◆ Requirement:
Down to the last line, set down the material below exactly, excluding pictures.

◆ Supplied data:
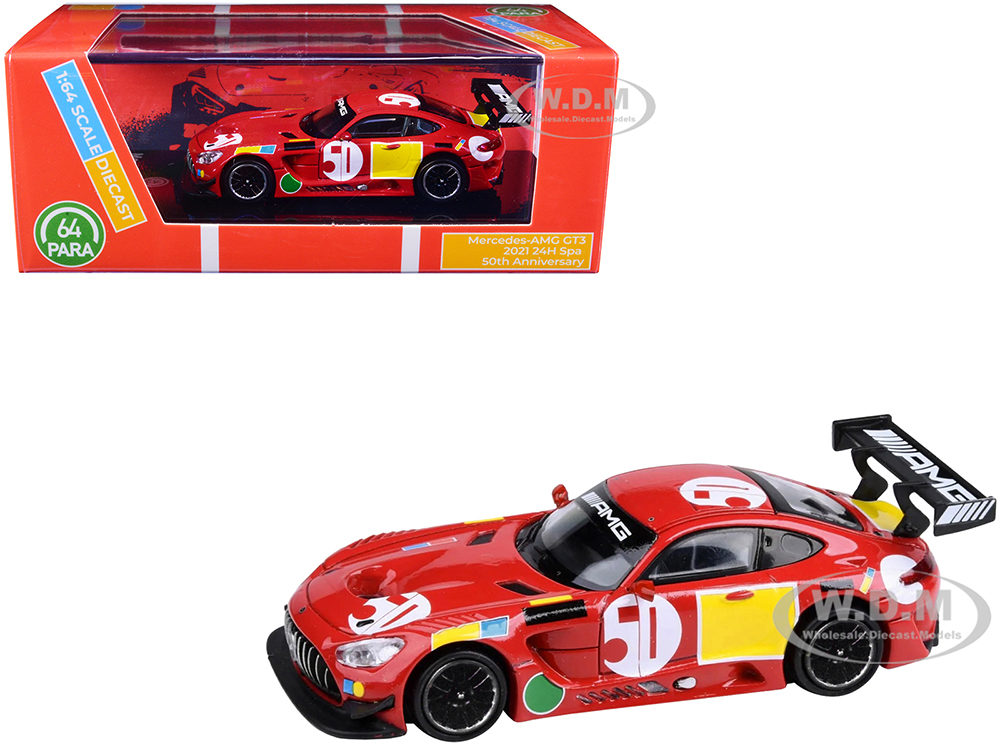 2021 Mercedes-AMG GT3 24 Hours of Spa 50th Anniversary Livery 1/64 Diecast Model Car by Paragon Models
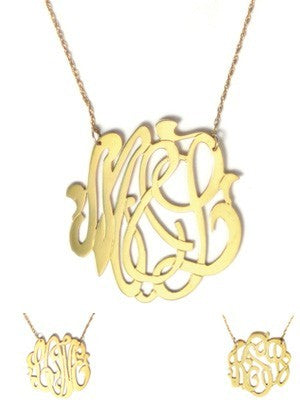 cutout monogram necklace (14K White, Yellow or Rose Gold)
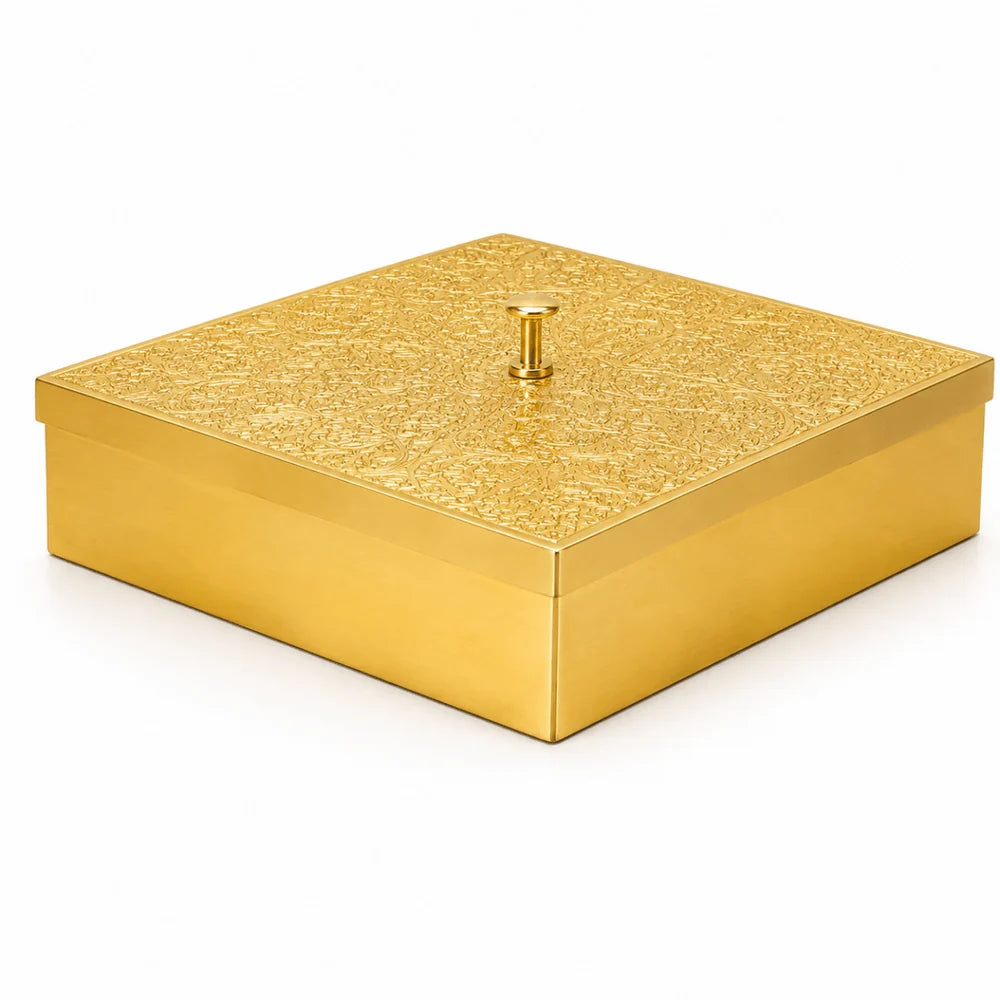 Hammered Brass Masaladani Square Shape with Tin (Kalai) Coating – Premium Spice Box with Lid & Spoon | Medium | RoyalStuffs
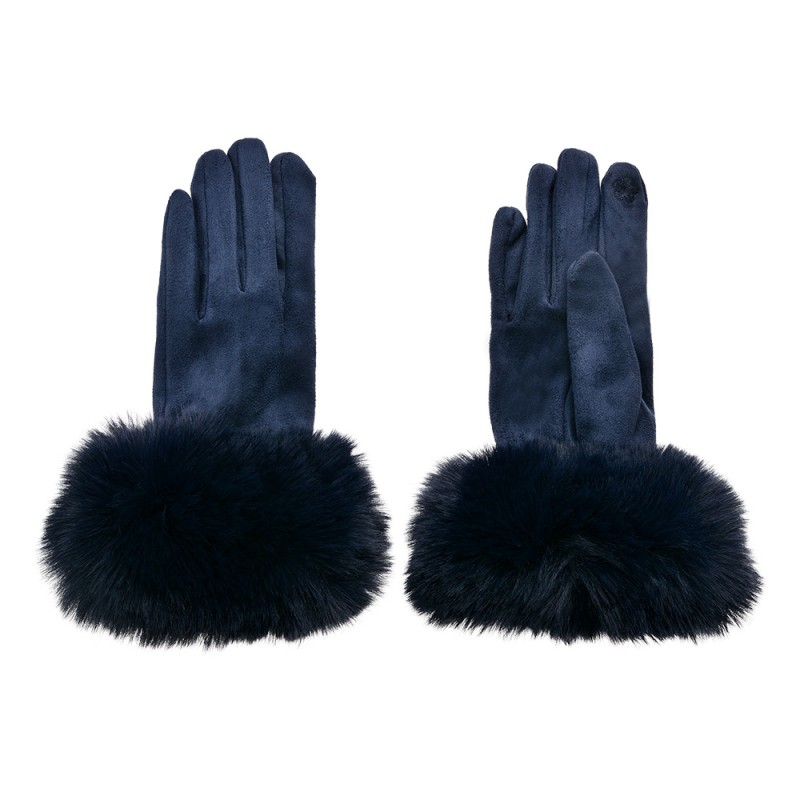 Clayre & Eef Handschoenen met imitatiebont  9x24 cm Blauw Polyester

◆ Task response:
 2021 Mercedes-AMG GT3 24 Hours of Spa 50th Anniversary Livery 1/64 Diecast Model Car by Paragon Models
 cutout monogram necklace (14K White, Yellow or Rose Gold)
 Hammered Brass Masaladani Square Shape with Tin (Kalai) Coating – Premium Spice Box with Lid & Spoon | Medium | RoyalStuffs
 Clayre & Eef Handschoenen met imitatiebont  9x24 cm Blauw Polyester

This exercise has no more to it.